The only issue is whether the court correctly dismissed the plaintiff’s claim against the defendant’s retirement benefits.
Retirement benefits of an employee are a community asset. LSA-C.C. art. 2338. A spouse has an incorporeal right to share in the benefits. Eskine v. Eskine, 518 So.2d 505 (La.1988); Sims v. Sims, 358 So.2d 919 (La.1978). The Sims v. Sims court stated, at 923:
... When the community is dissolved, the non-employed spouse is entitled to have recognized his or her one-half interest in this community asset, i.e., the right to receive payments from employee benefit plans, to the extent (proportion) that these payments result from the employment or contributions during the community.
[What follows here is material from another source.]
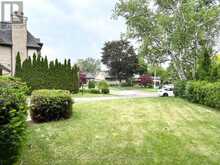 9 TERRINGTON COURT | Toronto Ontario | Slide Image Four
T.L. James & Co. v. Montgomery, *870332 So.2d 834 (La.1976) and decisions therein cited.
Where a partition agreement omits mention of retirement contribution or benefits, the asset continues to be an asset owned in indivisión by the former spouses and may be divided in a supplemental partition at a later date. LSA-C.C. art. 1401; Succession of Tucker, 445 So.2d 510 (La.App.3rd Cir.1984), writ denied 447 So.2d 1077 (La.1984).
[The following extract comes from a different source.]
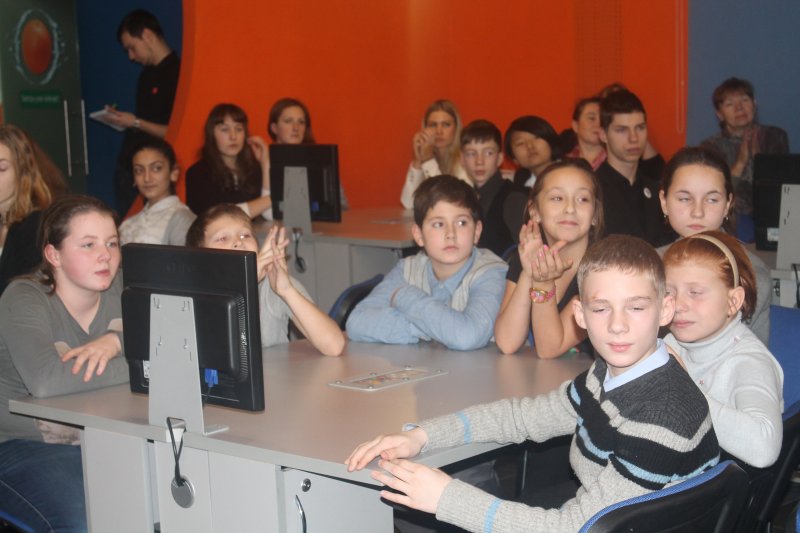 Фото к «Вода и атом 2014». Петербургские школьники представили свои проекты по охране водных ресурсов, развитию энергетики и технологий энергосбережения.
Mr. Harper has been employed by Delta Airlines continuously since 1962. It was stipulated by the parties at the hearing that seven years, nine months, and eight days of that employment took place during the existence of the community of himself and Ms. Frazier; it was agreed also that the community was terminated on September 30, 1970.
Mark Heller testified as an expert in the field of qualified and non-qualified retirement plans, stating that he administered approximately 150 plans. At the defendant's request he investigated the retirement plans for Delta Airlines, conferring by telephone with Carol Dozier, administrator of pension plans in Delta’s Atlanta, Georgia office. Heller testified that Delta had a pre-ERISA plan until February 1, 1972, when that plan was terminated and a new defined benefit pension plan was implemented. When the old plan was dissolved, employee contributions were refunded; however, no refund was made to Mr. Harper, presumably because he had not contributed to the plan. A letter from Ms. Daigle to Mr. Harper stated that no pension benefits were payable to him from the old plan.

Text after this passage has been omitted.